CSIR JRF NET Life Sciences December 2015 Examination Model Question Paper with Answer Key and Explanations Part 02 (Biology MCQ 017)


Biology MCQ 017


NET December 2015 Model Question

(1). Arabidopsis and rice have diploid chromosome number of 10 and 24, respectively.
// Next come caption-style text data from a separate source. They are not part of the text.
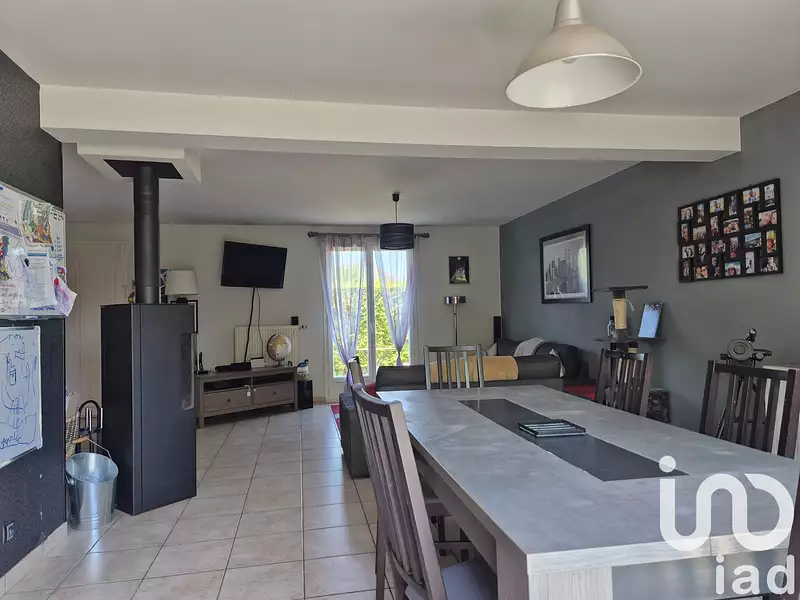Maison, 116 m²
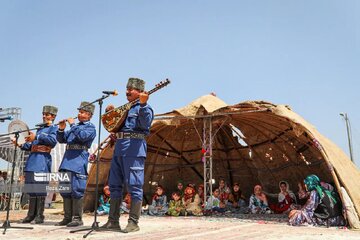 سومین جشنواره بین‌المللی کوچ عشایر مغان در بیله‌سوار برگزار می‌شود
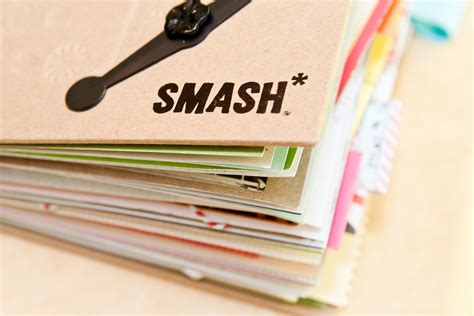 Smash Book - Create Often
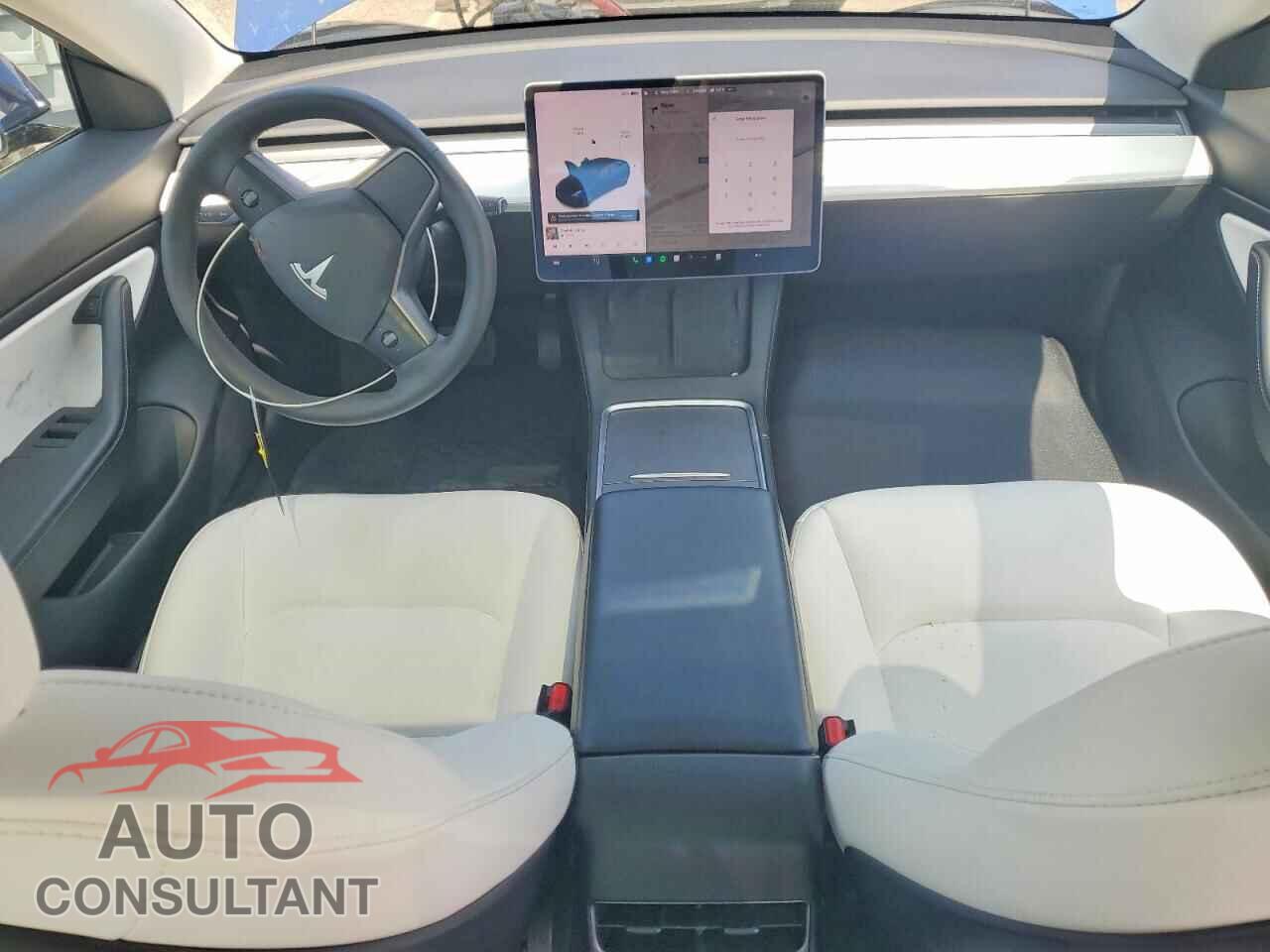 TESLA MODEL 3 2021 - 5YJ3E1EA5MF875233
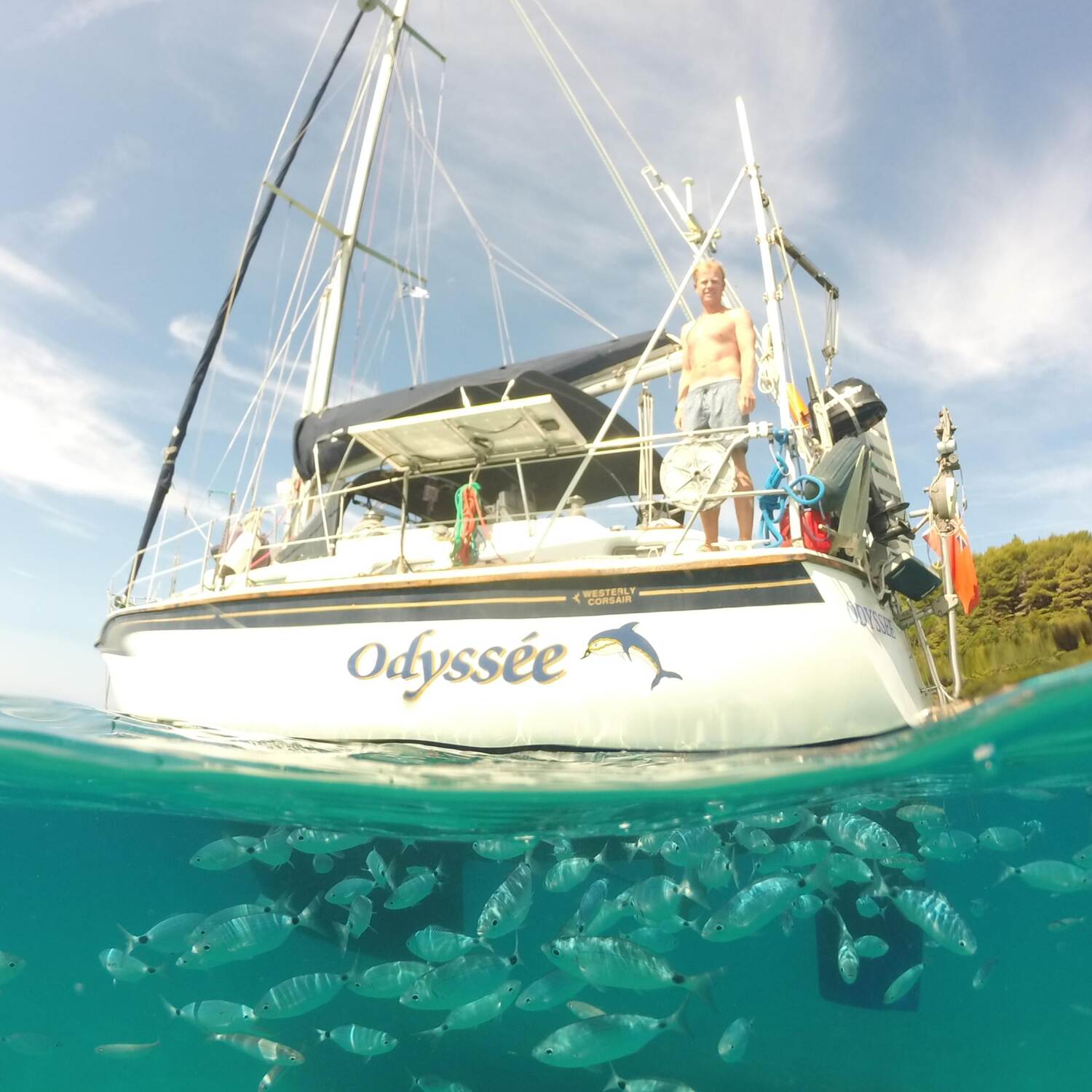 Ionian Odyssee - 2023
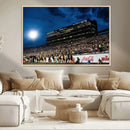 UCF Knights Football Team Print - Orlando FBC Mortgage by MyGreatCanvas | Canvas Wall Art Prints | Photo Prints & Wall Decor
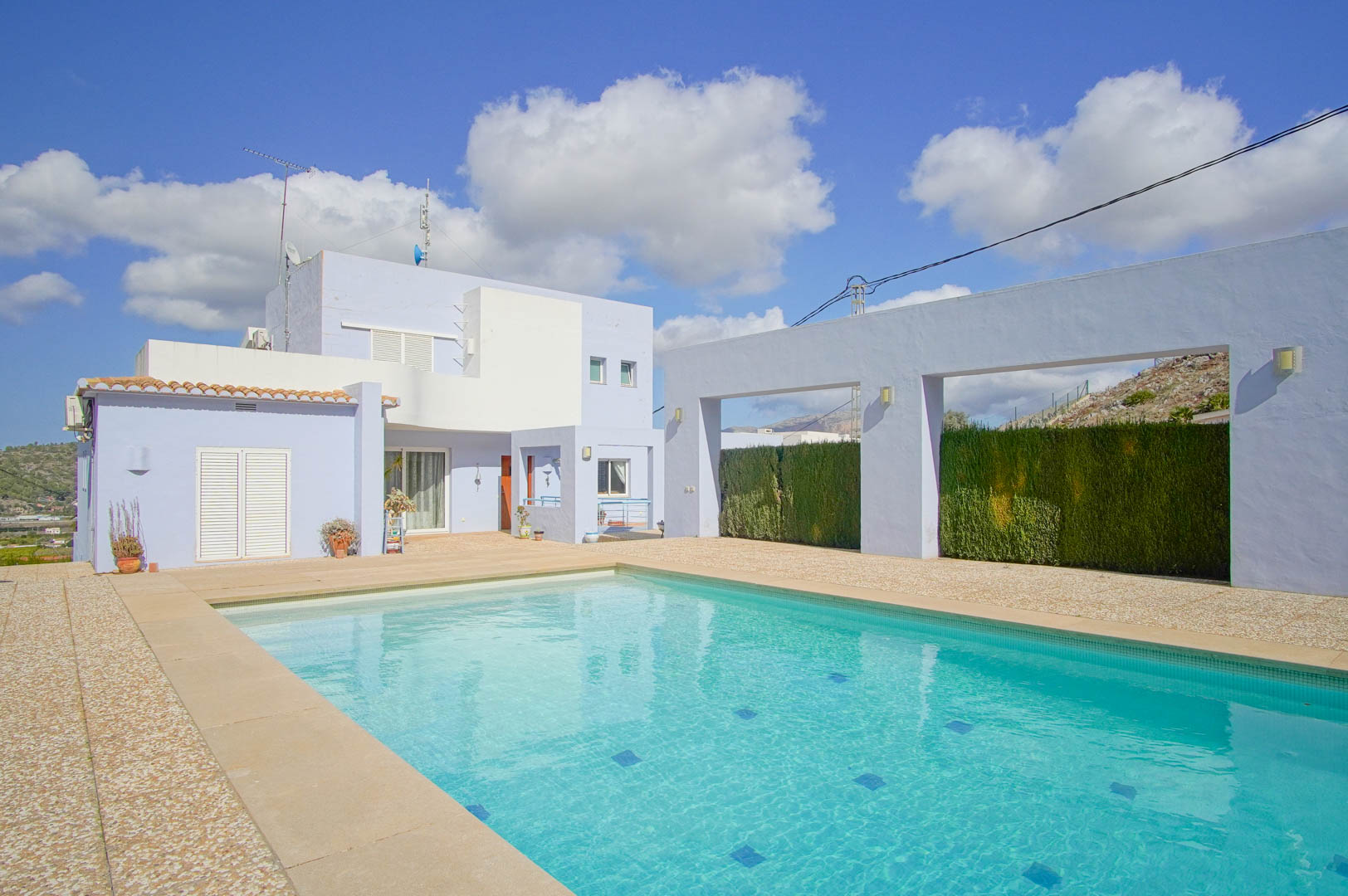 4 Bed, 4 Bath, HouseFor Sale, Pedreguer, Alicante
Assuming no crossing over taking place, genetic variation among F2 individuals in a genetic cross is likely to be:

a. Same in both species but not zero
b. More in Arabidopsis
c. More in rice
d. Zero in both the species

(2). In tryptophan operon, tryptophan acts as:

a. Repressor
b. Activator
c. Co-repressor
d. Co-activator

(3). Which of the following statement is CORRECT?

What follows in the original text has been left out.